Wartawan Sergio
Editor Nabil
Pelitasukabuminews.com – Badan Penanggulangan Bencana Daerah (BPBD) Kota Sukabumi, telah melakukan kajian risiko bencana kekeringan sebagai dampak musim kemarau. Hasilnya, tipikal dampak kekeringan tersebut adalah terjadinya krisis air bersih.
Hal itu dikatakan Kepala Seksi Pencegahan dan Kesiapsiagaan BPBD Kota Sukabumi, Zulkarnain Barhami, kepada pelitasukabuminews.com, Minggu (12/3/2023).
“Daerah risiko tinggi kekeringan berada di Kecamatan Cikole dan Citamiang. Tipikal kekeringannya lebih kepada kekurangan air bersih,” kata Zulkarnain.
Dia juga mengakui sudah melakukan kajian risiko bencana kekeringan yang merupakan dampak musim kemarau. Tingkat risikonya bervariasi dari mulai rendah, sedang, dan tinggi.
Hasil kajian risiko bencana, lanjut dia, luas area kerentanan potensi kekeringan di Kota Sukabumi mencapai 4.832,94 hektare. Wilayah kerentanannya hampir berada di 33 kecamatan tersebar di 7 kecamatan.
Rinciannya, di Kecamatan Baros area kerentanan kekeringan seluas 558,21 ha terdiri dari kategori rendah 0,37 ha, sedang 556,68 ha, dan tinggi seluas 1,17 ha. Sementara di Kecamatan Cibeureum seluas 913,37 ha terdiri dari kerentanan kekeringan sedang seluas 899,08 ha dan tinggi seluas 14,29 ha.
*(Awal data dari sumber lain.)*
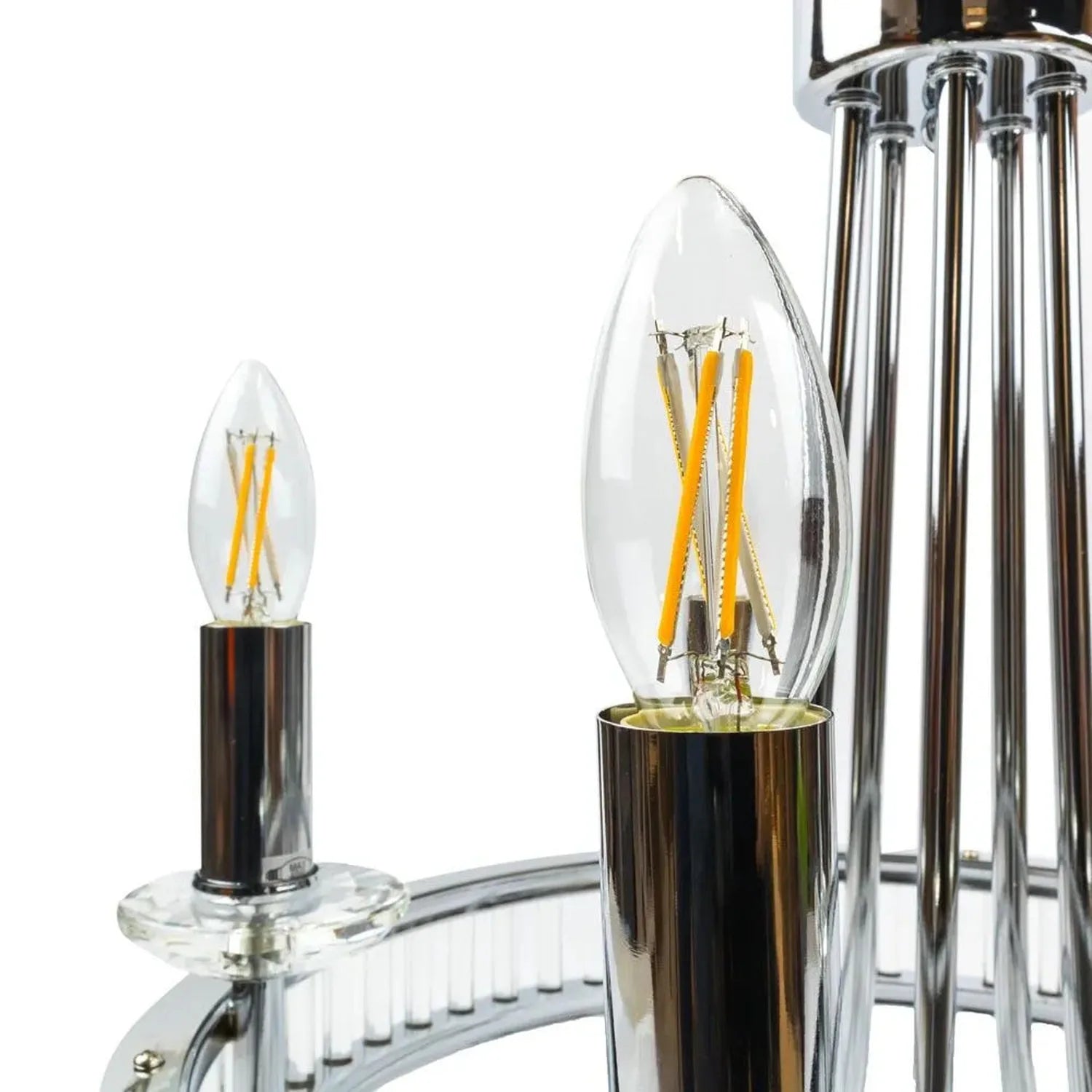 Two LED filament bulbs displayed next to a chrome chandelier fixture, showing warm yellow filaments inside clear glass candle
Di Kecamatan Cikole kerentanan kekeringan seluas 620,81 ha terdiri dari rendah seluas 25,17 ha, sedang 1,18 ha, dan tinggi seluas 594,46 ha. Di Kecamatan Citamiang seluas 400,39 ha terdiri dari kerentanan sedang seluas 14,74 ha dan tinggi seluas 385,66 ha.
Berpindah ke Kecamatan Gunungpuyuh potensi kerentanan kekeringan seluas 513,60 ha terdiri dari risiko rendah seluas 0,59 ha, sedang 512,84 ha, dan tinggi 0,18 ha. Di Kecamatan Lembursitu seluas 1.070,16 ha terdiri dari rendah seluas 1,49 ha dan sedang seluas 1.068,67 ha.
Sedangkan di Kecamatan Warudoyong potensi kekeringan berada di area seluas 756,39 ha terdiri dari kerentanan tingkat rendah seluas 5,69 ha, sedang 749,85 ha, dan tinggi seluas 0,86 ha.
“Dari hasil pemetaan potensi kerentanan risiko, tentu kami melakukan berbagai upaya antisipasi,” jelas dia.
Di antara upaya itu yakni mengoptimalkan penyimpanan air di akhir musim hujan atau istilahnya memanen. Seperti penyimpanan air di danau, waduk, embung, kolam retensi, dan penyimpanan air lainnya.
“Berdasarkan prediksi BMKG, kita harus antisipatif dengan kemungkinan dampak musim kemarau, terutama di wilayah yang mempunyai sifat musim kemarau bawah normal atau lebih kering di bawah biasanya,” tuturnya.